Condo Fucks Fuckbook(Matador) Buy it from Insound
There you go, it’s official: sweary band names are cool. Hot on the heels of Fucked Up and Fuck Buttons - both of whom made No Ripcord’s Top 50 Albums of 2008 list - come Condo Fucks. But despite the name, they’re not Satanic grindcore merchants or day-glo nu-rave upstarts from Leeds, they are in fact the band we all know as Yo La Tengo.
Back in 1997, Yo La Tengo released I Can Hear the Heart Beating as One which inside, featured references to back catalogues of various fictional bands, supposedly on Matador.

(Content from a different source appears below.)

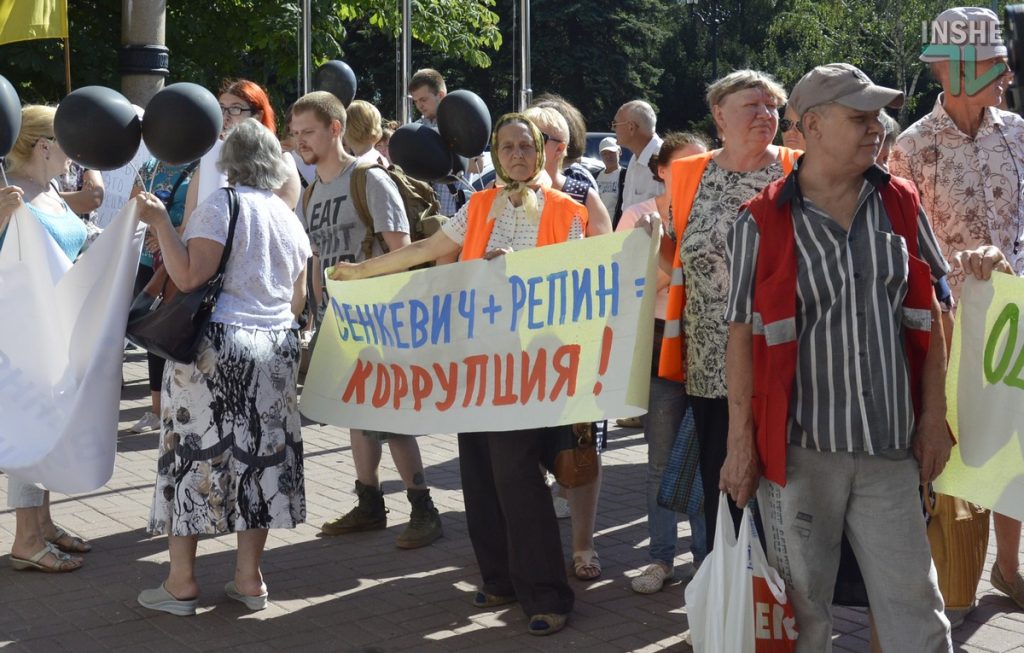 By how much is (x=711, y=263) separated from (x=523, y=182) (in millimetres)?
953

As well as G.I. Joe Extreme and The Shitheels, there was the Condo Fucks. They’ve invented a back story and given themselves new noms de plume: Georgia Condo, Kid Condo and James McNew. Oh, guys, stop it, our aching sides. Seriously, did these guys learn nothing from Garth Brooks? Yo La Tengo’s last album, I Am Not Afraid Of You And I Will Beat Your Ass, proved they were adept at myriad musical genres and they released a semi-covers album in 1990 entitled Fakebook, so why the need for the new identity?
Although it remains a fairly unimaginative stunt, the pseudonym makes more sense once you actually listen to the record. While Yo La Tengo are full of imagination and style, Condo Fucks are akin to a high school garage band. In fact, forget that, they’re the best high school garage band you’ve ever heard and one you’ll wish you were in. Fuckbook is the sound of a band with a quarter of a century’s experience really getting back to basics and rediscovering why they fell in love with music in the first place. There’s no studio polish and no second takes; everything is recorded as live (each track starts with a count in, just to reinforce that point) and the vocals sit so low in the mix, they’re all but indecipherable.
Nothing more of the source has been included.